Seperti di RB Leipzig maksudnya?
Ya, ada pengecualian. VfL Wolfsburg dan Bayer 04 Leverkusen, misalnya yang terbesar, pada awalnya dibentuk sebagai tim pekerja dan 100 persen dimiliki oleh perusahaan induk mereka, Volkswagen dan Bayer. Hal serupa juga terjadi pada miliarder Dietmar Hopp yang diizinkan mengambil saham mayoritas di TSG Hoffenheim pada tahun 2015 karena ia terus mendanai klub tersebut selama lebih dari 20 tahun. Leipzig, di sisi lain, secara teknis dimiliki oleh suporter, namun struktur mereka hanya sekedar basa-basi saja. Klub ini hanya memiliki dua puluh satu anggota, yang sebagian besar bekerja untuk grup Red Bull. Bergabung dengan klub sebagai anggota baru sangatlah sulit. Pengaturan “kreatif” itulah yang menjadi salah satu alasan mengapa RB dibenci oleh banyak fans di Jerman.
Setidaknya mereka membuat segalanya menjadi lebih menarik dalam hal perebutan posisi empat besar, bukan?
Itu benar. Namun hal tersebut, bersama dengan pengecualian lain yang disebutkan di atas, juga meningkatkan kebutuhan klub tradisional untuk membuat kemajuan sambil mematuhi peraturan. Banyak yang percaya bahwa struktur yang kontras ini menciptakan ketidakseimbangan yang tidak adil dan melemahkan hubungan klub penggemar yang menjadi ciri model yang ada.
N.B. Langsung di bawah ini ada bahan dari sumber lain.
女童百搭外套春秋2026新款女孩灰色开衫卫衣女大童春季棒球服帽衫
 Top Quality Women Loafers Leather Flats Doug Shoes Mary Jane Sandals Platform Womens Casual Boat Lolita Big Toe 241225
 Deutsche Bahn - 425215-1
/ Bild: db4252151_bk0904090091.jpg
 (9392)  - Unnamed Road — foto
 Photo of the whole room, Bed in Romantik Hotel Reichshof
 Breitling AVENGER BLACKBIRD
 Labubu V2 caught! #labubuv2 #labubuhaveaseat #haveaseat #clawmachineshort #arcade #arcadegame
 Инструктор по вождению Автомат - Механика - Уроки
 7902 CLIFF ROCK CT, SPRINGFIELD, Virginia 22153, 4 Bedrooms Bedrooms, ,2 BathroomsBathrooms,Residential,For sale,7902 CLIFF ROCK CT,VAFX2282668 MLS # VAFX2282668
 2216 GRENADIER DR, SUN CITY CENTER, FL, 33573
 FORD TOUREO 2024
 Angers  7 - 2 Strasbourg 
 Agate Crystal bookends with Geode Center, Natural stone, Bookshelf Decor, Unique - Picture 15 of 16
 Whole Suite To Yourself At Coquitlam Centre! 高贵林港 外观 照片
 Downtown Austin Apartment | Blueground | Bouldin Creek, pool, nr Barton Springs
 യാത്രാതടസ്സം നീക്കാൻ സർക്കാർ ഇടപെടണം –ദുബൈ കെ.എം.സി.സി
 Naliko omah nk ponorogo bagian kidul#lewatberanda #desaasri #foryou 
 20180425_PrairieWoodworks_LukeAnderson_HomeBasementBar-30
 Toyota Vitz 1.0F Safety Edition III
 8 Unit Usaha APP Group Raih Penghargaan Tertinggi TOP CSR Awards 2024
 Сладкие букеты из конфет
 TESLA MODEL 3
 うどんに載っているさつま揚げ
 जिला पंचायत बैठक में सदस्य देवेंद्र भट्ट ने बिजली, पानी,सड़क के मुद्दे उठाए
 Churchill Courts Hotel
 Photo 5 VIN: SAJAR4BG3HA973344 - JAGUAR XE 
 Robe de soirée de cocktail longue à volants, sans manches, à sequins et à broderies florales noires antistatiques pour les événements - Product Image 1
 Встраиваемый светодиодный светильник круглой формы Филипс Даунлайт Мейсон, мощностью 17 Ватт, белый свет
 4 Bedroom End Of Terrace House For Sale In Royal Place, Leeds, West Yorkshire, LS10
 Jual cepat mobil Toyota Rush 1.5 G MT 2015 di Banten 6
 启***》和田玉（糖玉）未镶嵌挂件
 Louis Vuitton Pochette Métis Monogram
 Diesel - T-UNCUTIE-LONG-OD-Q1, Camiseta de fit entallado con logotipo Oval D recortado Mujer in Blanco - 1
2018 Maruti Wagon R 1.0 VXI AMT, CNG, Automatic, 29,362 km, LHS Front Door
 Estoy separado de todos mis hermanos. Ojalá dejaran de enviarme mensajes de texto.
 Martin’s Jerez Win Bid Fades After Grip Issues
Dalam upaya untuk mengimbangi klub-klub korporat, partai-partai biasa semakin terpaksa mencari cara untuk menarik investor kaya dan mengubah struktur tata kelola mereka. CEO Bayern Munich Karl-Heinz Rummenigge yakin membuka liga untuk investor mayoritas akan meningkatkan daya tarik kompetisi ini. Namun, dia masih minoritas.
Jadi pada umumnya masyarakat senang dengan status quo?
Banyak yang tidak. Sebuah model yang membiarkan subversinya sendiri dan pada saat yang sama mempersulit mereka yang mematuhi aturan untuk berhasil, berada dalam bahaya kehilangan legitimasi moralnya. Yang lain ingin menghapuskannya untuk membebaskan aliran uang. Namun saat ini, kekhawatiran mengenai dampak korosif dari penjualan kepada penawar tertinggi mengalahkan semua kekhawatiran lainnya, dan “50 +1” dipandang sebagai asuransi yang berguna terhadap kelebihan yang tidak terkekang, terlepas dari segala kekurangannya. Seperti yang ditunjukkan oleh peristiwa-peristiwa minggu lalu, hal-hal buruk selalu bisa menjadi lebih buruk.